I was surprised to see the class level cap at 10. This feels too low. I've spent most of my time in D&D campaigns in the level 11-15 range and I'm sure there are many who would like to run higher level adventures. Is it possible to have the classes expanded before it goes to print or get a supplement at a later date?
Considering they wrote a page about giving small boons once pass Level 10, IT seems a design décision made on purpose and unlikely to change. Maybe if many people send email to complain
Yeah I agree. I understand what they are trying to say with the reasoning given, but it also feels like an excuse to not have to flesh out higher levels which is a shame.
Level 10 is way too low for long term play. If FL doesn't add additional levels, I'll probably just homebrew something using AIME as a guide for 11-20.
Let's say that a Balrog has a Challenge rating of 19 (like a Balor from 5e's Monsters Manual, which is basically the same creature).
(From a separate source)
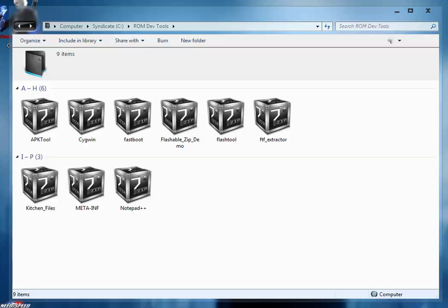Hello friend and welcome back to the second video regarding how to make your own custom ROM. In the first video we covered the different tools required for our work. In this video I'm going to tell you how to set up the folders and how to install that software.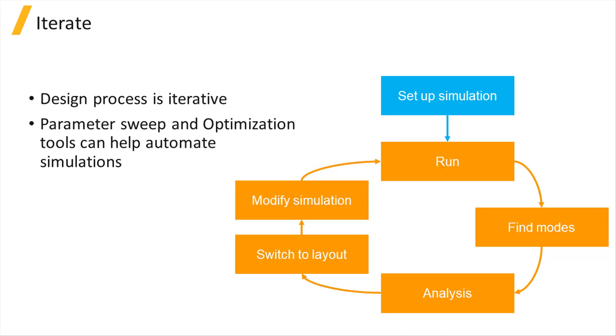The simulation process is typically iterative, meaning that you will switch back to layout mode to adjust the model parameters and then rerun the simulation many times before finding the optimal design. The built-in parameter sweep and optimization tool can be used to help automate this process.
Well, according to Gandalf, a Company made up of some of the greatest heroes Middle-earth could offer at the end of the Third Age stood no chance against it. Then how can you safeguard consistency in such a setting if you allow players to become so powerful that they can defeat a Balrog, dozens of Trolls, or hundreds of Orcs, on their own?
As explained in the "Beyond 10th level" section, the level cap was a deliberate design choice dictated by the need to maintain consistency with the Twilight of the Third Age. In The One Ring, no hero can grow to such levels of power, and the same approach had to be taken for
The Lord of the Rings Roleplaying. Other 5e products (for example, Brancalonia and Trudvang Adventures) take the same approach in order to maintain the feeling of a vast, dark, and dangerous world where great heroes belong only to the past and new heroes can only go so far by force of arms alone.
If the game were set in the First or Second Age, where mighty heroes like Ecthelion or Glorfindel could take on a Balrog on their own, a full progression to 20th level would make much more sense. And who knows, maybe future supplements will address that. But that is simply not the goal of the core rulebook. Long-term play should instead be handled through the special mechanism of the
heir, especially considering that the heroes will sooner or later succumb to the Shadow and will have to retire.
Riddle Skill Feedback
Let's compare those skills in two games.
The Lord of the Rings 5e
The riddle game is an accepted custom among many creatures, including quite a few that would be classified as wicked if they did not respect the ancient rules. An Intelligence (Riddle) check is used to solve a spoken or written riddle, but also to draw conclusions from seemingly unconnected scraps of information by deduction, reasoning, and intuition.
The One Ring 2e
Owing its name to the ancient game, the Riddle Skill represents the ability to draw conclusions from seemingly unconnected scraps of information by deduction, reasoning, and intuition. Adventurers also rely on Riddle whenever they are forced to talk about a subject but prefer to conceal part of what they know; for example, to tell something about themselves without revealing their identity.
As an accepted custom among many cultures, speaking in riddles is usually allowed among strangers meeting for the first time and wanting to speak guardedly. This Skill is also used to gain helpful insight from a spoken or written riddle.
First issue, LOTR5e version of this skill let you
solve a spoken or written riddle which is absolutely ridiculous. It lets players bruteforce any riddle with a simple die roll, removing any challenge and fun. TOR2e skill only allows getting
helpful insight without riddle auto-solving.
Second issue, LOTR5e Riddle skill does not even mention "speaking in riddles" part of this custom that allows characters use cypher / secret tongue to conceal something.
I would like LOTR5e Riddle skill to be adjusted to be closer to TOR2e version which is more flavorful and mechanically balanced.
Riddle should be removed entirely. IT serve its purpose on TOR but is already covered by investigation and déception on D&D. IT would just confuse players and DM like IT did on AIME
Riddle was not removed because we felt it was an evocative skill, a real trademark of the setting, given its weight in The Hobbit. However, as rightly pointed out, it could not hold the exact same areas as it does in TOR (and in the old AiME), because it would overlap with existing skills such as Deception and Investigation. Therefore, the wording of the skill was revisited: in addition to describing the character's skill with riddles, it is also used as a proficiency in case the character has to perform a "generic" Intelligence check, where pure reasoning is required (for example, when passing a piece of information to someone without others noticing it, or winning a game of skill).
It is not our part to master all the tides of the world, but to do what is in us for the succour of those years wherein we are set, uprooting the evil in the fields that we know, so that those who live after may have clean earth to till.